This feta is marinated in herbs and vinegar to give it a tangy, cheesy flavour. It’s super easy to make and the longer it marinates the better it tastes.
You can use Tamari (gluten – free soy sauce) instead of the apple cider vinegar for a more Asian type of flavour. It will also change the colour a little bit. You can also add in some red pepper flakes, garlic, sea salt, nutritional yeast whatever your palate craves, the options are endless. Creativity is key!
I love using tofu feta in salads, in my bowl food or just as a healthy snack.

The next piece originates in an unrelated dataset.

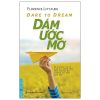 Dám Ước Mơ - Florence Littauer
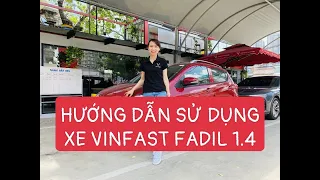 Hướng Dẫn Sử Dụng Xe Vinfast Fadil 1.4L Từ A-Z. Giá Xe Fadil Chỉ 382,5tr, Trả Trước 76tr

Vegan, Gluten Free, Refined Sugar Free
400g GMO free tofu
1 Tbsp dried oregano
1 Tbsp dried basil
1 tsp Himalayan salts and black pepper
1/2 cup olive oil
1/3 cup apple cider vinegar (with mother)
2 Tbsp lemon juice
Remove excess water in the tofu. I like to do this by placing a clean kitchen cloth onto a plate, placing the tofu on- top of the cloth into the plate. Wrapping the cloth around the top part of the tofu and pressing another plate on- top of that. It should drain within 20-30 minutes.
Cut the tofu into cubes. Mix all the marinade ingredients together in a bowl, add the tofu and mix well.
Pour the mixture into a glass jar for at least 2-3 hours before eating.
I like to marinate mine overnight for the best taste the following day.
- You can add more salt if it’s not salty enough for you.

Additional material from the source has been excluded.